Obama : « Je pense que mes cheveux blancs sont dus à la Syrie »
Le président américain a eu la volonté, depuis son arrivée à la Maison-Blanche, de résister à la tentation interventionniste, mais ses hésitations en Syrie ont eu des conséquences désastreuses.
Début août, Barack Obama est apparu fatigué lors d’une rencontre avec la presse au Pentagone, à Washington, après avoir participé à une réunion consacrée à la menace de l’organisation Etat islamique. « Je pense que mes cheveux blancs sont dus à la Syrie », a-t-il dit sur un ton désabusé qui montrait un commander in chief, comme les présidents américains aiment à se décrire, en fin de course.
Barack Obama est en panne de stratégie en Syrie, ce qui ne serait pas grave si la guerre dans ce pays n’avait autant de conséquences tragiques, d’abord pour le peuple syrien martyrisé, et ensuite pour le reste du monde. Réfugiés, terrorisme, déstabilisation… le prix de l’inaction depuis cinq ans est devenu très élevé, ce qui ne facilite pas la prise de décision.
Le président des Etats-Unis réfléchissait à haute voix, ce jour-là, sur un plan de coordination militaire avec la Russie en Syrie, qui ne fait pas l’unanimité au sein de sa propre administration, tout en disant qu’il ne pouvait pas faire totalement confiance à Vladimir Poutine… Mais, au moment même où il s’exprimait, une bataille décisive se déroulait sur le terrain, loin, très loin des tergiversations du chef de l’exécutif américain.
Double défi
Les combats se déroulaient autour de la ville clé d’Alep, dont la partie tenue par les rebelles était encerclée depuis un mois par l’armée du régime de Bachar al-Assad, soutenue par la Russie, l’Iran et le Hezbollah libanais. Et, contre toute attente, une contre-offensive rebelle est parvenue à rompre cet encerclement et à ouvrir un couloir permettant l’approvisionnement de quelque 275.000 civils privés de tout.
Ce coup de théâtre militaire pose un double défi à Obama : d’abord avec la Russie, car l’encerclement d’Alep contredisait les engagements de cessez-le-feu pris par Moscou.
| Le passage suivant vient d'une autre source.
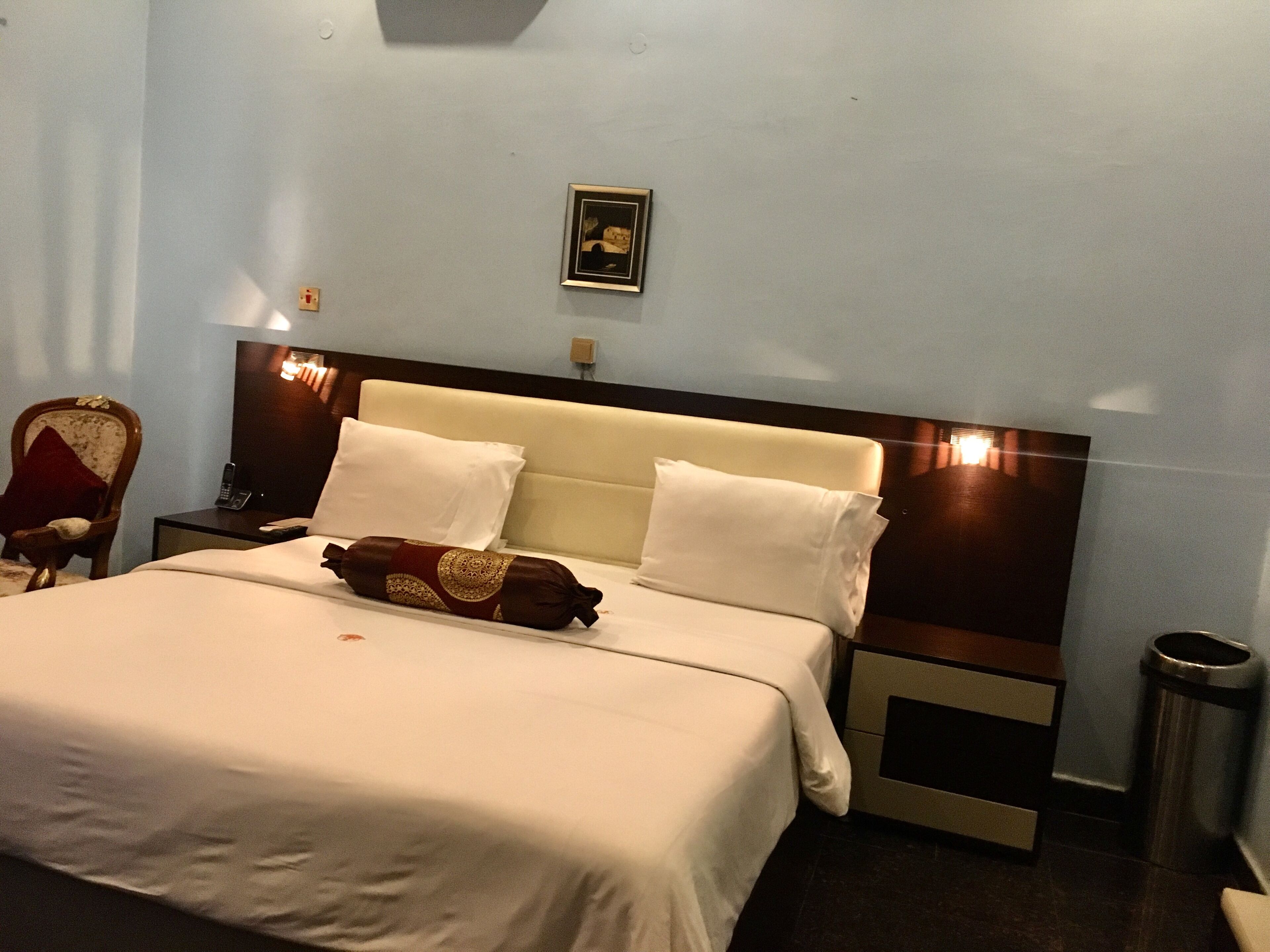 A hotel room with a bed, a nightstand, a chair, a picture on the wall, and a trash can.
Au lendemain du succès rebelle, l’aviation russe a effectué un bombardement violent de la ville d’Idlib, non loin d’Alep, avec, selon les rebelles qui tiennent cette localité stratégique, des bombes incendiaires, certains disent au phosphore, qui ont provoqué des incendies visibles de loin. Mauvais augure pour la prochaine rencontre Kerry-Lavrov, les deux chefs de la diplomatie, qui devaient définir des objectifs communs.
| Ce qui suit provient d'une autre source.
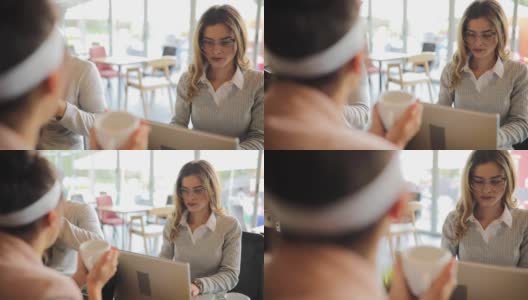 美女在网吧用笔记本电脑高清在线视频素材下载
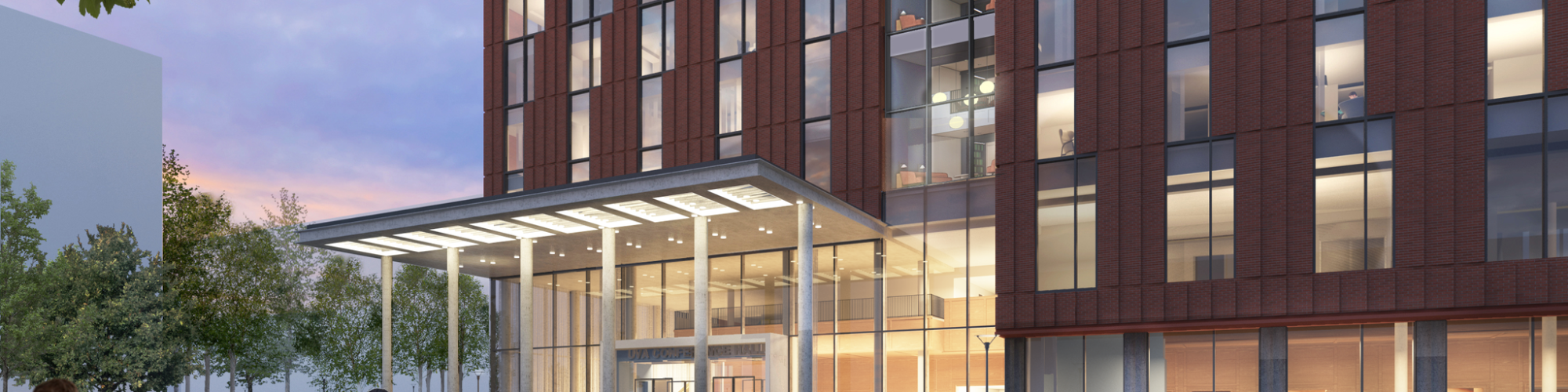 A modern glass-and-brick campus building with a welcoming entrance, people walking and gathering outside on a sunny day.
Mais la bataille d’Alep marque aussi l’ascendant pris sur la nébuleuse rebelle par le groupe Fatah al-Cham, plus connu sous son ancien nom, Jabhat al-Nosra, jusqu’à récemment la branche syrienne d’Al-Qaida. Al-Nosra a rompu ses liensavec la « centrale » djihadiste et a changé de nom, mais pas nécessairement d’idéologie. Or, à Alep, nécessité faisant loi, tous les groupes rebelles – à l’exception de Daech, peu présent dans la ville – se sont alliés pour briser l’encerclement, y compris ceux a liés à l’Armée syrienne libre soutenue par Washington et Paris. De quoi compliquer un peu plus les alliances dans cette guerre où les ennemis de mes ennemis ne sont pas nécessairement mes amis…
Dossier prioritaire
Barack Obama a eu la volonté, depuis son arrivée à la Maison-Blanche, de résister à la tentation interventionniste qui a provoqué les guerres dont il a hérité en Afghanistan et en Irak. Mais ses hésitations en Syrie ont eu des conséquences désastreuses.
A l’approche de l’élection de son successeur, des voix se font entendre pour un durcissement américain, comme celle de Dennis Ross, ancien conseiller de Hillary Clinton au Département d’Etat, qui a préconisé, dans le « New York Times », de bombarder l’armée d’Assad pour amener Damas – et Moscou – à négocier.
Si Hillary Clinton est élue, la Syrie sera assurément son dossier prioritaire, pour le meilleur ou pour le pire.